A few concepts and results might be familiar to the reader of this newsletter already. I will mainly explain the methods of the 3rd article in detail below, for those interested. Then, I will talk a bit about the first two pieces.
How important are boundaries in T20?
It has been known for a while in online circles of analysts, and within team managements, that boundaries are the currency of T20. Singles and dots are given too much importance in mainstream commentary, which borrows from the language of cricket, as opposed to talking in terms of T20.
I wanted to quantify how much more valuable boundaries really are compared to dots and singles etc. I used a logistic regression model for this, which modelled the match result with logit.

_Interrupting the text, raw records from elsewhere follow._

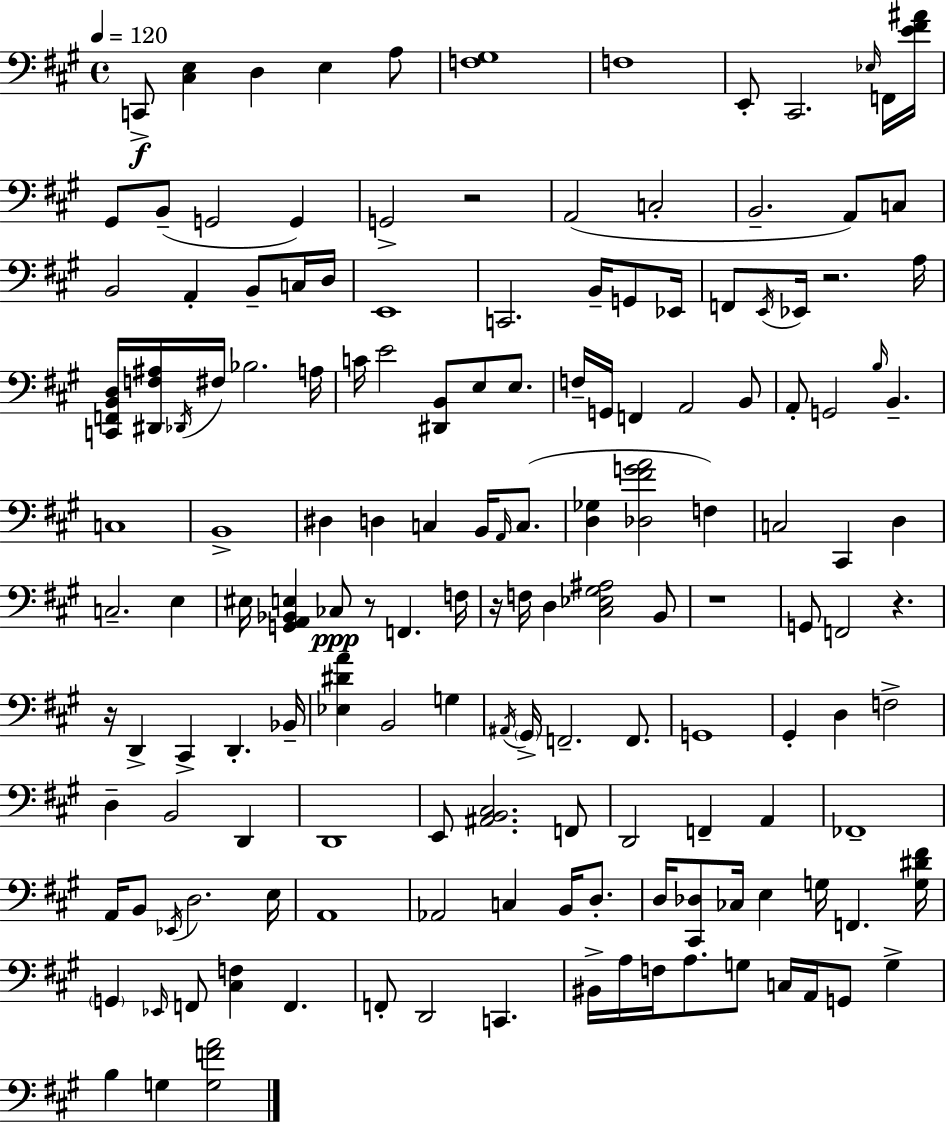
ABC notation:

X:1
T:Untitled
M:4/4
L:1/4
K:A
C,,/2 [^C,E,] D, E, A,/2 [F,^G,]4 F,4 E,,/2 ^C,,2 _E,/4 F,,/4 [E^F^A]/4 ^G,,/2 B,,/2 G,,2 G,, G,,2 z2 A,,2 C,2 B,,2 A,,/2 C,/2 B,,2 A,, B,,/2 C,/4 D,/4 E,,4 C,,2 B,,/4 G,,/2 _E,,/4 F,,/2 E,,/4 _E,,/4 z2 A,/4 [C,,F,,B,,D,]/4 [^D,,F,^A,]/4 _D,,/4 ^F,/4 _B,2 A,/4 C/4 E2 [^D,,B,,]/2 E,/2 E,/2 F,/4 G,,/4 F,, A,,2 B,,/2 A,,/2 G,,2 B,/4 B,, C,4 B,,4 ^D, D, C, B,,/4 A,,/4 C,/2 [D,_G,] [_D,^FGA]2 F, C,2 ^C,, D, C,2 E, ^E,/4 [G,,A,,_B,,E,] _C,/2 z/2 F,, F,/4 z/4 F,/4 D, [^C,_E,^G,^A,]2 B,,/2 z4 G,,/2 F,,2 z z/4 D,, ^C,, D,, _B,,/4 [_E,^DA] B,,2 G, ^A,,/4 ^G,,/4 F,,2 F,,/2 G,,4 ^G,, D, F,2 D, B,,2 D,, D,,4 E,,/2 [^A,,B,,^C,]2 F,,/2 D,,2 F,, A,, _F,,4 A,,/4 B,,/2 _E,,/4 D,2 E,/4 A,,4 _A,,2 C, B,,/4 D,/2 D,/4 [^C,,_D,]/2 _C,/4 E, G,/4 F,, [G,^D^F]/4 G,, _E,,/4 F,,/2 [^C,F,] F,, F,,/2 D,,2 C,, ^B,,/4 A,/4 F,/4 A,/2 G,/2 C,/4 A,,/4 G,,/2 G, B, G, [G,FA]2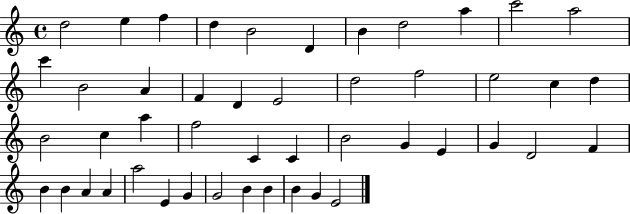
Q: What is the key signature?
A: C major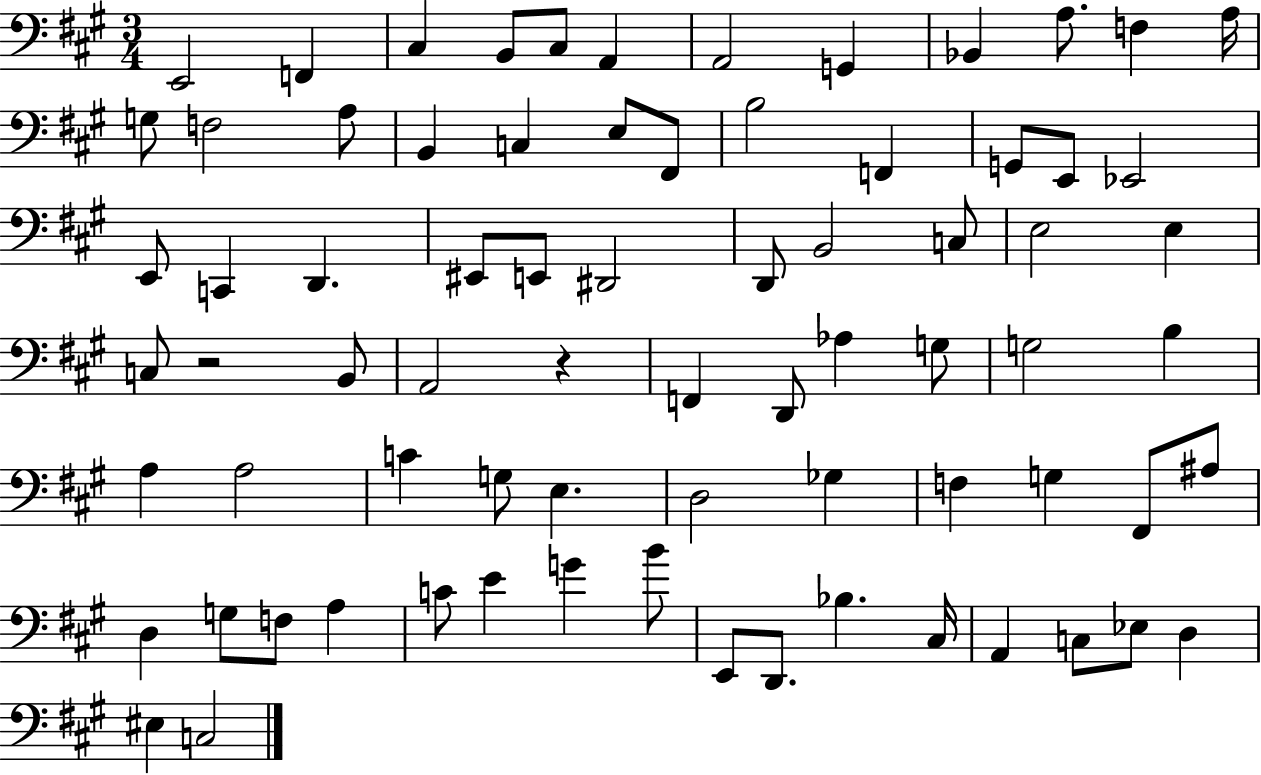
X:1
T:Untitled
M:3/4
L:1/4
K:A
E,,2 F,, ^C, B,,/2 ^C,/2 A,, A,,2 G,, _B,, A,/2 F, A,/4 G,/2 F,2 A,/2 B,, C, E,/2 ^F,,/2 B,2 F,, G,,/2 E,,/2 _E,,2 E,,/2 C,, D,, ^E,,/2 E,,/2 ^D,,2 D,,/2 B,,2 C,/2 E,2 E, C,/2 z2 B,,/2 A,,2 z F,, D,,/2 _A, G,/2 G,2 B, A, A,2 C G,/2 E, D,2 _G, F, G, ^F,,/2 ^A,/2 D, G,/2 F,/2 A, C/2 E G B/2 E,,/2 D,,/2 _B, ^C,/4 A,, C,/2 _E,/2 D, ^E, C,2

Where Δn is the difference in the number of that kind of scoring shot between the two teams. x is the logarithm of the odds of winning (called log-odds). I used a logistic regression and data from matches from IPL, CPL, BBL and PSL to find the best fit coefficients. The interpretation of each value of a is that exp(a) is the factor by which the odds get multiplied for each unit increase in the corresponding Δn. So, hitting an additional four would increase your odds exp(a_4) times.
This model fit well, with a pseudo-R^2 of 0.71.

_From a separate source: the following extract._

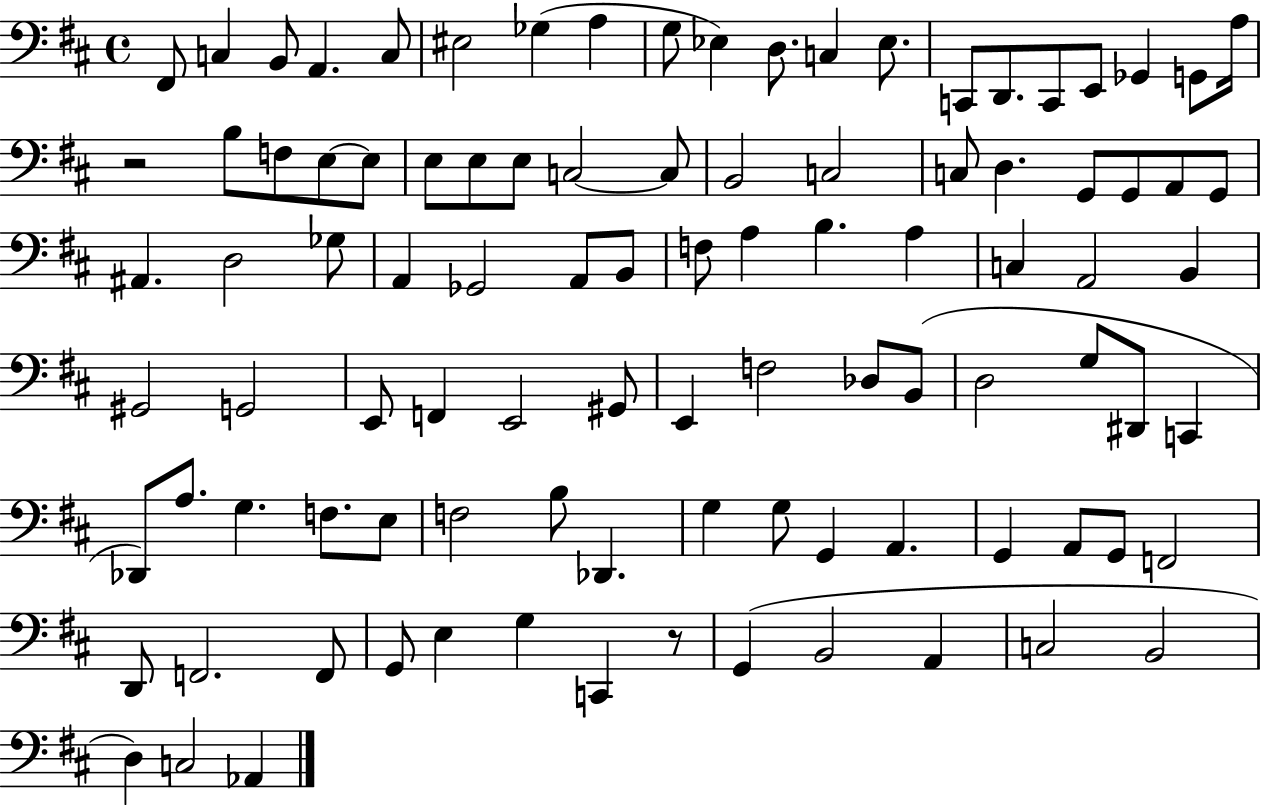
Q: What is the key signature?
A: D major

Moreover, the ratio of any two coefficients gives you the relative value of those two kinds of scoring shots. Think of it this way: if you hit one extra dot, your log-odds would change (decrease) by a_0. To maintain the same odds, how many extra sixes would you need to hit? a_0/a_6.
The article first lists the odds ratios and relative worth of a dot in terms of 6s and 4s. I found it interesting that when I fit data from individual leagues, 1s/2s had no significant relationship to the response at the 0.95 sig level.
I wanted this to be a general exploration of boundary hitting. Watching the IPL, the strategy of elite hitters struck me as “always looking for boundaries”. I began to think of boundary hitting as a binomial process: you try hitting a boundary independent of the situation. What would happen if teams just attempted to hit more boundaries? I began thinking of run targets in terms of sixes. 80 from 30 was actually “can 10 sixes be hit in 30 balls?” Why not? Can an elite hitter have a success rate of 33%?
To my disappointment, no one records “boundary attempted” data as a binary variable. Imran Khan from CricViz responded to my tweet about this with an excellent piece he’d written, using the shots with the highest boundary % as a proxy for boundary attempts. I decided to use that method (which covered 85% of actual boundaries hit), and Imran (and CricViz) were kind enough to give me some data. I needed the actual distribution of outcomes when people attempted to hit boundaries vs when they didn’t.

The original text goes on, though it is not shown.